Worse than tip jars, it’s fast casual restaurants that present a receipt for you to sign with “optional” tips.

Before you know how long your food will take.

Before you know if it’ll be hot when it arrives.

Before you know if the cook omitted the onions as requested.

Before you know if you’ll have to hunt down your own napkins and silverware (ahem, probably plastic ware).

Before you know if you’ll have the ketchup you want.

Before you know if you’ll be wanting a second beer and having to stand in a long line to get one while your meal gets ever colder.

Before you know if you have to bus your own dishes.

What’s fast casual? It’s those restaurants where you eye the menu board while standing in line to place your order and pay the cashier before finding a seat. Sometimes you retrieve your own order when your name is called and sometimes a food runner–not a server by any means–delivers your order.

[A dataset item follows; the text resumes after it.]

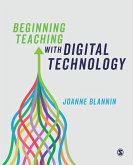 Beginning Teaching with Digital Technology Beginning Teaching with Digital Technology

Think: Panera Bread.

I’ve been to a number of fast casual, non-chain restaurants recently, many of which use Square credit card processing or a variant, and when the order taker thrusts a receipt at me to sign (or turns the iPad to have me sign), it offers suggested tips. Not a tip of 5 percent or 10 percent, which might be reasonable to reward an order taker and a food runner who do a quarter or half the work a server performs in a sit-down restaurant, but suggested tips of 15, 20, 25 percent–one place suggested a 30 percent tip! Really? Before I know anything about my dining experience beyond the description of the food (provided by a menu board) and the price? Are you kidding me?

Don’t get me wrong here. I appreciate good service, and I think most servers work hard and earn a 20 percent tip (20 percent pre-tax–I’m not gonna tip a server based on the government’s share). But someone who knows how to operate an order-taking device and maybe a bartender who knows how to pour a glass of beer from a tap? Twenty percent? 

Um, no. 

I wouldn’t be offended if the suggested tips started at 5 percent, but to even list 30 percent is a complete joke.

I’m going to start writing Yelp reviews complaining about this practice, and I’m going to start looking for the “other” button to fill in a tip more in line with 5 percent or 10 percent. But I’m going to look around first, and if it looks like I’m going to have to bus my own trash, I’m passing altogether on a tip. If I’m doing most of the work, I’m keeping the tip for myself.